▶ The records

━━━━━━━━━━

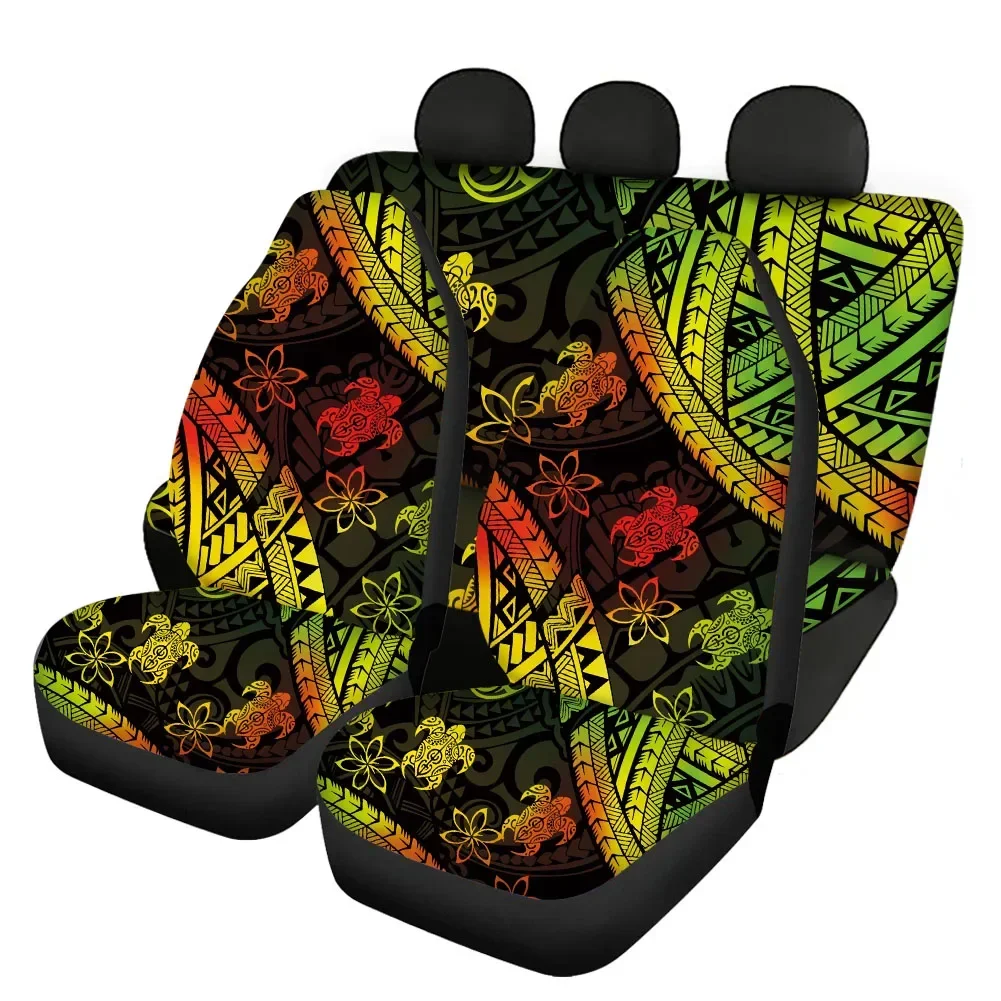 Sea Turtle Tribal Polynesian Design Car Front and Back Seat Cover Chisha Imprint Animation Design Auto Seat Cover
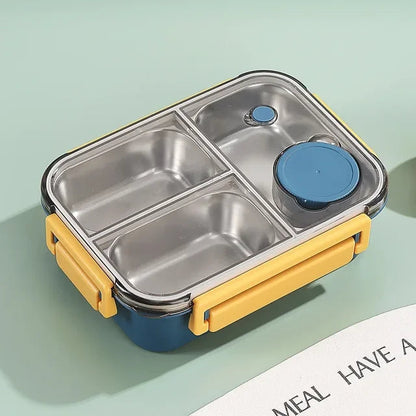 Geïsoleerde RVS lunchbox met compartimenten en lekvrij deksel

━━━━━━━━━━

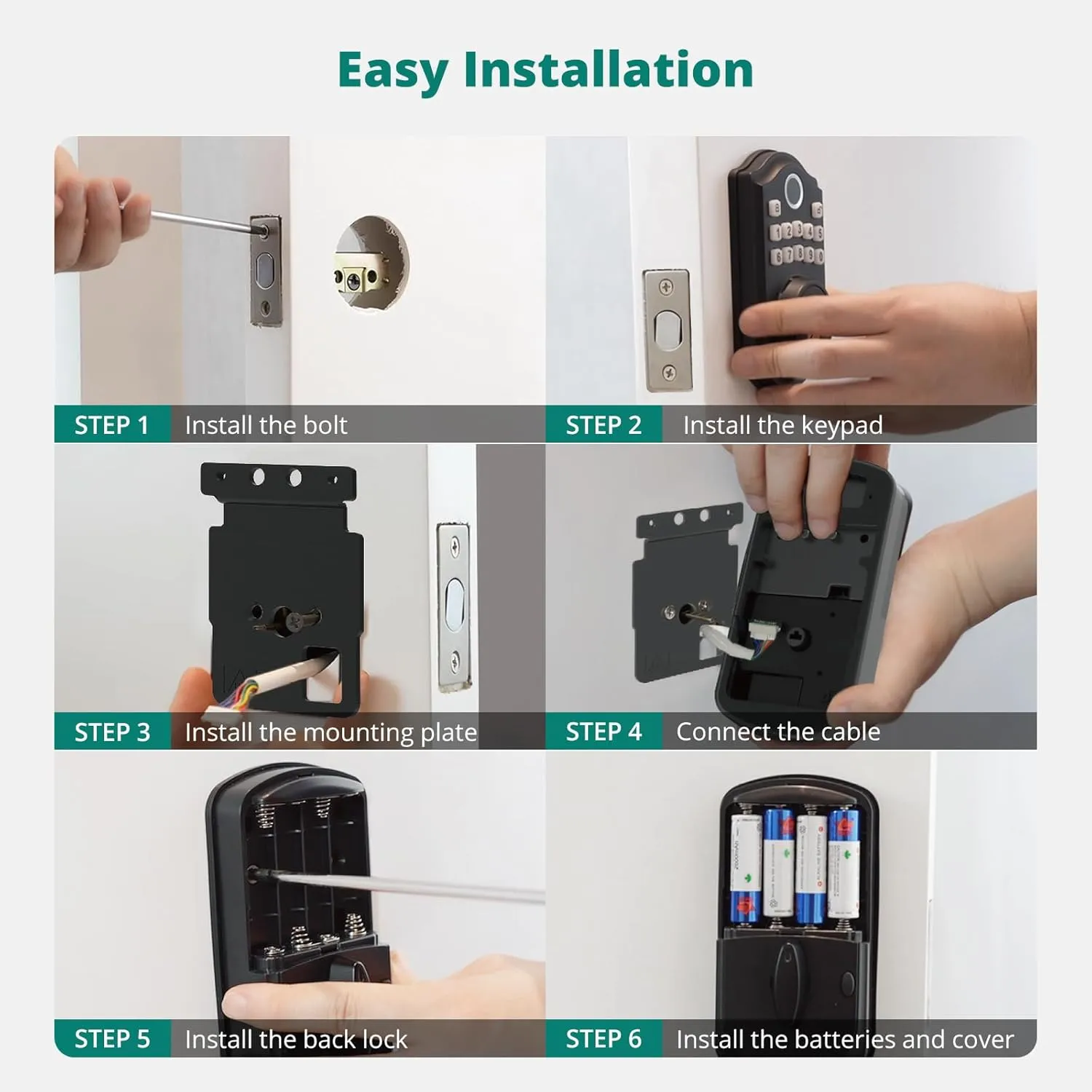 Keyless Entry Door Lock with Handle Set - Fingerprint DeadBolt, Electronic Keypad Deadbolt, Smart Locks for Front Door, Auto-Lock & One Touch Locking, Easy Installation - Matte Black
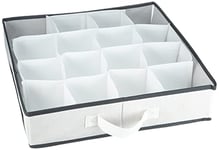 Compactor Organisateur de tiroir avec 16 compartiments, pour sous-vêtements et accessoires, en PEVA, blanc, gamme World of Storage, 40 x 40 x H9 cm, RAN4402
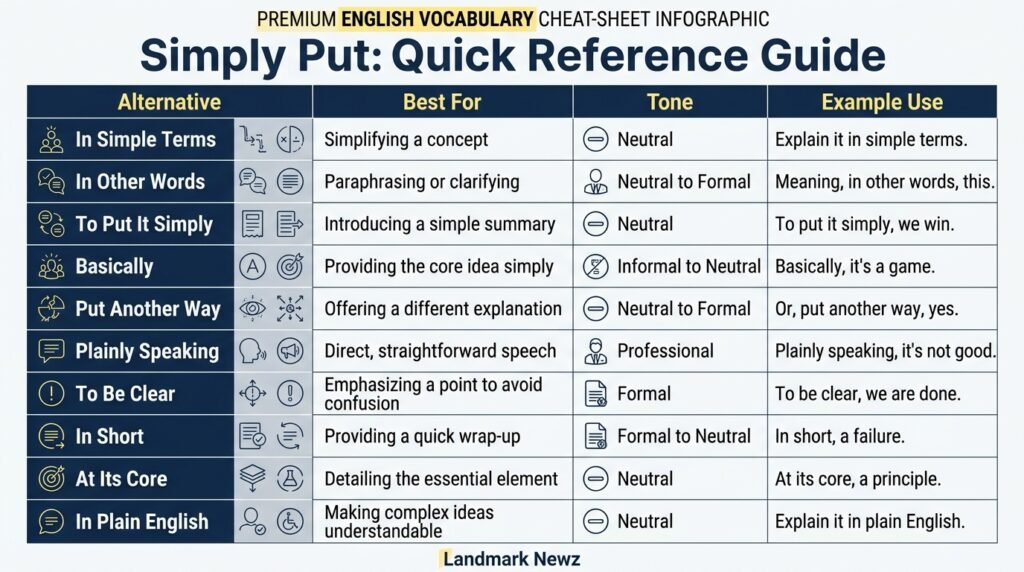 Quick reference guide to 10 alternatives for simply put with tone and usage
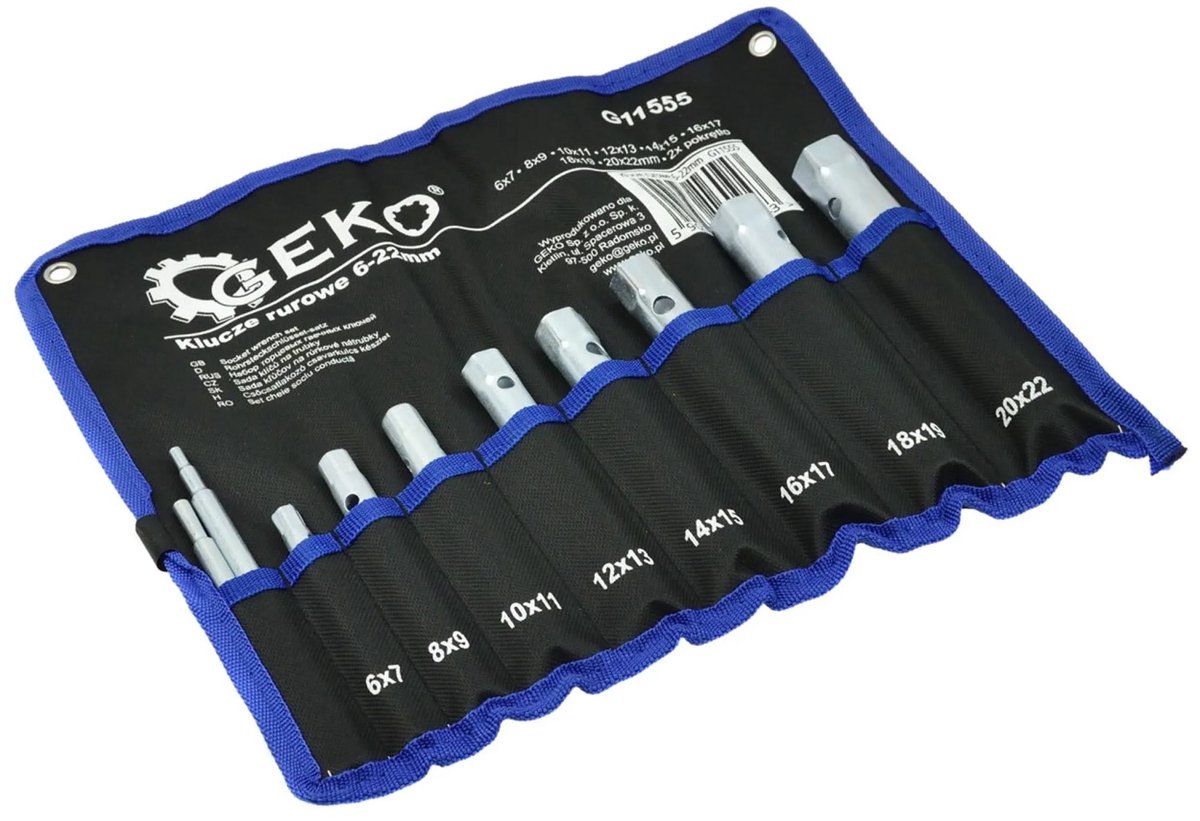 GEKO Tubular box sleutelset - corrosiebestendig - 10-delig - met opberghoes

━━━━━━━━━━

Repeat exactly, and only, the entries from the line with "Quick reference guide" through the line with "GEKO Tubular box". Pictures are skipped.

 Quick reference guide to 10 alternatives for simply put with tone and usage
 GEKO Tubular box sleutelset - corrosiebestendig - 10-delig - met opberghoes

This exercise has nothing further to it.